|Item Name:||TI 46-Word|
|Author(s):||Mark Liberman, Robert Amsler, Ken Church, Ed Fox, Carole Hafner, Judy Klavans, Mitch Marcus, Bob Mercer, Jan Pedersen, Paul Roossin, Don Walker, Susan Warwick, Antonio Zampolli|
|LDC Catalog No.:||LDC93S9|
|Sample Type:||1-channel 12-bit pcm|
|Data Source(s):||microphone speech|
LDC User Agreement for Non-Members
|Online Documentation:||LDC93S9 Documents|
|Licensing Instructions:||Subscription & Standard Members, and Non-Members|
|Citation:||Liberman, Mark, et al. TI 46-Word LDC93S9. Web Download. Philadelphia: Linguistic Data Consortium, 1993.|
This release contains a corpus of speech which was originally designed and collected at Texas Instruments, Inc. (TI) in 1980 and used initially in performance assessment tests of isolated-word speaker-dependent technology. (See "Speech Recognition: Turning Theory to Practice" by G. R. Doddington and T. B. Schalk, in IEEE Spectrum, Vol. 18, No. 9, September 1981.)
The 46-word vocabulary consists of two sub-vocabularies: (1) the TI 20-word vocabulary (consisting of the digits zero through nine plus the words "enter," "erase," "go," "help," "no," "rubout," "repeat," "stop," "start," and "yes" as well as (2) the TI 26-word "alphabet set" (consisting of the letters "a" through "z").

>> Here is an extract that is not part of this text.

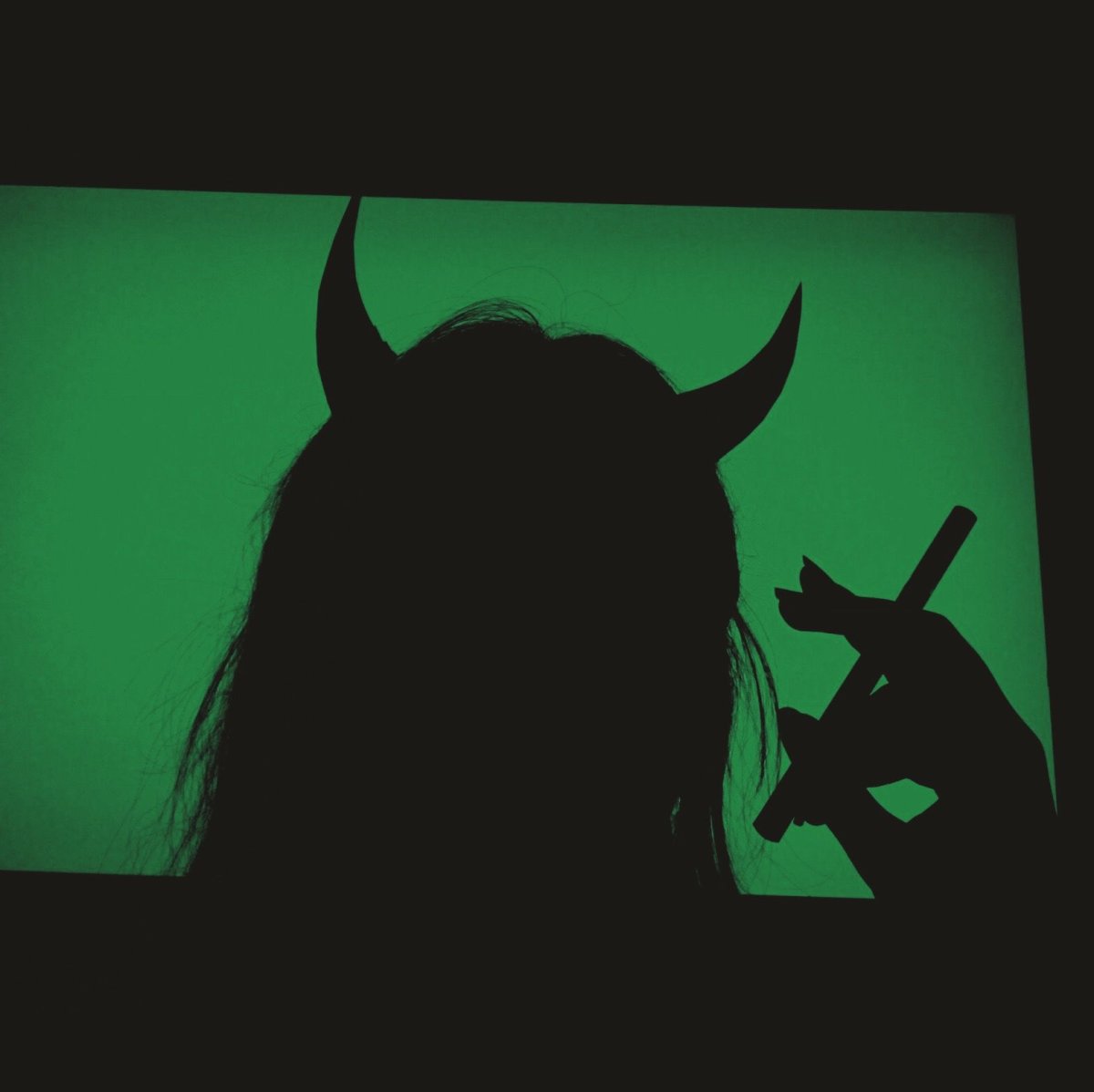 Тень девушки с рогами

The corpus contains read utterances from 16 speakers (eight males and eight females) each speaking 26 utterances of the 46-word vocabulary: 16 tokens designated as training and ten as test. Note these numbers reflect the aim of the collection and for various reasons, the full number of utterances was not reached for some speakers. See the included documentation for more information.
The corpus was collected at Texas Instruments in a quiet acoustic enclosure using an Electro-Voice RE-16 Dynamic Cardiod microphone at 12.5kHz sample rate with 12-bit quantization. The files are in NIST SPHERE format and have a ".wav" filename extension.
As of October 5, 2016 the documentation was updated to more closely reflect the file inventory.